DATA SUPPLIED:
*-*-*

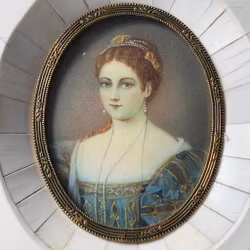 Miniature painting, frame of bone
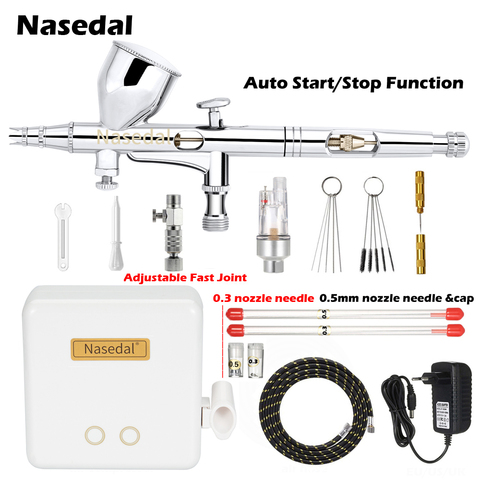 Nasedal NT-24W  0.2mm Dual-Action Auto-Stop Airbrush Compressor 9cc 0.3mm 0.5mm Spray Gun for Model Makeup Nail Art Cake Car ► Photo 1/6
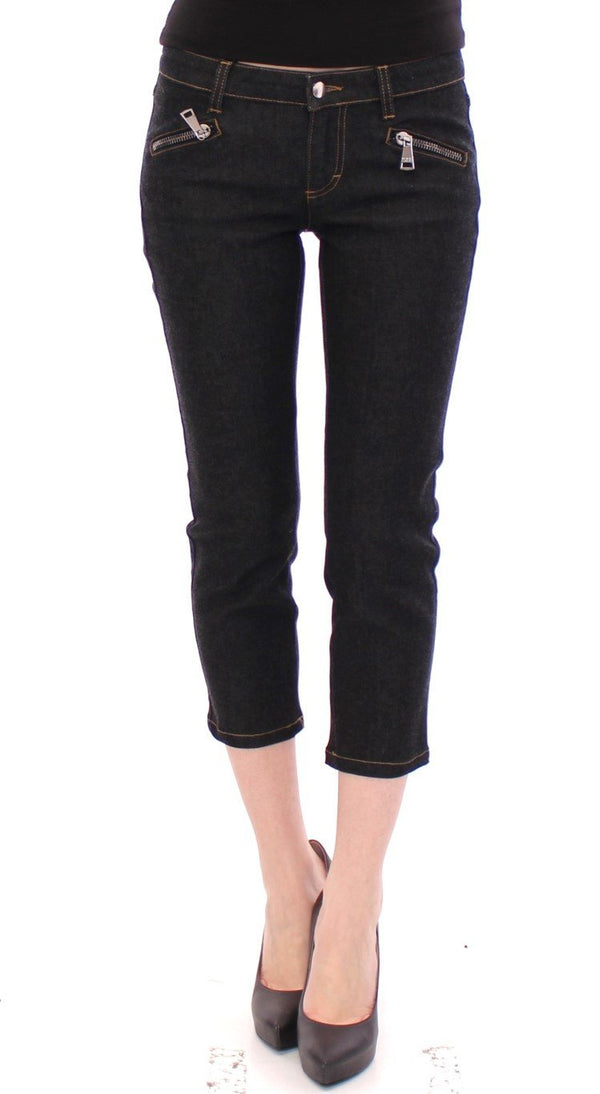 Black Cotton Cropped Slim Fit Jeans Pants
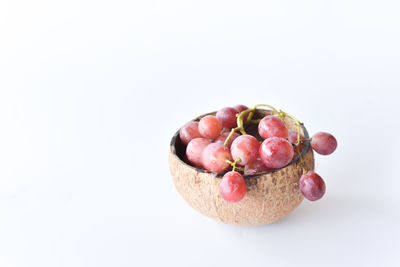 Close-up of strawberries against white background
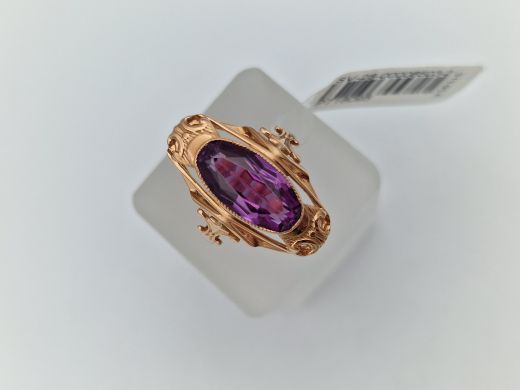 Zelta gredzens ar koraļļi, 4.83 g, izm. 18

*-*-*

Replicate the material above verbatim; images stay out of the copy.

RESULT OF THE TASK:
 Miniature painting, frame of bone
 Nasedal NT-24W  0.2mm Dual-Action Auto-Stop Airbrush Compressor 9cc 0.3mm 0.5mm Spray Gun for Model Makeup Nail Art Cake Car ► Photo 1/6
 Black Cotton Cropped Slim Fit Jeans Pants
 Close-up of strawberries against white background
 Zelta gredzens ar koraļļi, 4.83 g, izm. 18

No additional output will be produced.